A questo punto l’attore ha una idea che lui reputa brillante. Non più una interazione con persone che potrebbero essere scovate e minacciate ma solo un video, permanente, di una bandiera con su scritto ‘he will not divide us’ che garrisce contro un cielo azzurro, con leggere venature di nuvole e di scie di aerei.
Ed è qui che entra in gioco il concetto di ‘autismo armato’, weaponized autism, molto popolare negli ambienti del trolling online. Perché in effetti qui il livello si alza, e di molto, e le legioni dell’odio digitale danno una prova di non comune sagacia.
Non ci sono indizi per capire sopra quale città si stenda quel mare immoto di azzurro. Ma qualche dato c’è, per menti superiori.
Le rotte degli aerei, il vento, la sagoma delle nubi, studio astronomico notturno delle stelle e un incauto tweet da un ristorante dello stesso LaBeouf: ricorrendo a prestazioni intellettuali da menti superiori, studiando e analizzando ogni singola rotta aerea del Paese, in poco tempo i troll comprendono che la bandiera è stata posizionata a Greeneville, in Tennessee.
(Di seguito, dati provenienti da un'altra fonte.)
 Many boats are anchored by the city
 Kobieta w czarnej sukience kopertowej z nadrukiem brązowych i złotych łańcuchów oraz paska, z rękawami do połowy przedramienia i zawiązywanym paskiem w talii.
I troll di 4-Chan a questo punto pagano un cittadino di Greeneville, affinchè se ne vada in giro per la cittadina a bordo del suo veicolo suonando ripetutamente il clacson. Finchè di notte, durante lo streaming, con la bandiera che garrisce, si sente un colpo di clacson: i troll ordinano all’uomo di comunicare le sue coordinate, e gli fanno capire che il gioco è vinto.
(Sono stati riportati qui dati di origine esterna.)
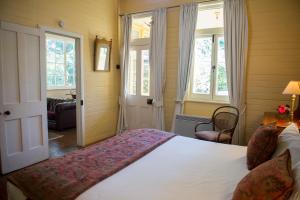 a bedroom with a bed and two windows at Hillview Heritage Estate in Sutton Forest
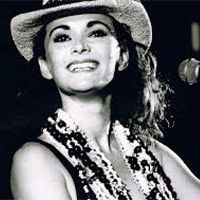 When the Cats Away singer wearing a cowboy hat and beaded necklace smiles at a microphone in a dark setting.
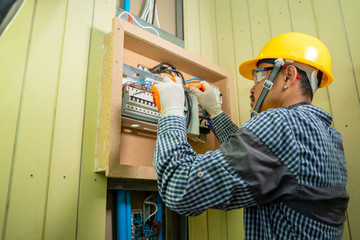Fototapete - Electrician at work at House,Electrician repairing electrical box with pliers in corridor of a residential electrical system.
A questo punto il tizio scende dal veicolo, ammaina la bandiera e innalza, al suo posto, un cappellino rosso MAGA.
Le metaforiche rovine di una Berlino liberal su cui sventola il drappo rosso di Trump.
GLOSSARIO
Weaponized Autism: ‘Autismo armato’, espressione gergale che indica non comuni doti cognitive e intellettuali messe al servizio di una causa distruttiva o di confronto anche violento, nel digitale. Particolarmente popolare tra i frequentatori del forum 4-chan.
Kek/Kekistan: antico e fittizio Dio di derivazione egizia, viene adottato dai troll come loro ‘divinità’ e come palingenesi. Espressioni come ‘praise the Kek’ sono generalmente foriere di disastri online e di avvenuti boicottaggi o di vittoriosi raid.
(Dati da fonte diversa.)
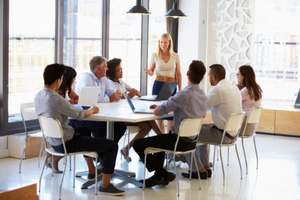 M&A Roundtable group of people meeting around a table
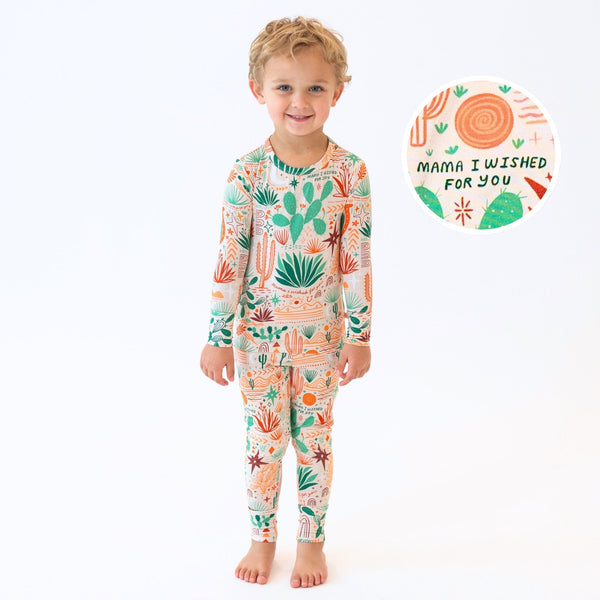 Child wearing Desert Cactus beige 2-piece long-sleeve pajama featuring cactus print and Mama I Wished For You text.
In realtà la formula linguistica KEK è l’equivalente del LOL americano: una espressione di estremo divertimento che deriva dal gioco World of Warcraft. Le legioni di Troll si sono anche divertite a immaginare un intero Stato ispirato a questo mito, il Kekistan, la cui bandiera verde con i simboli del forum 4chan stampigliati sopra ricorda, pericolosamente ma ironicamente, la bandiera da guerra della Germania nazista.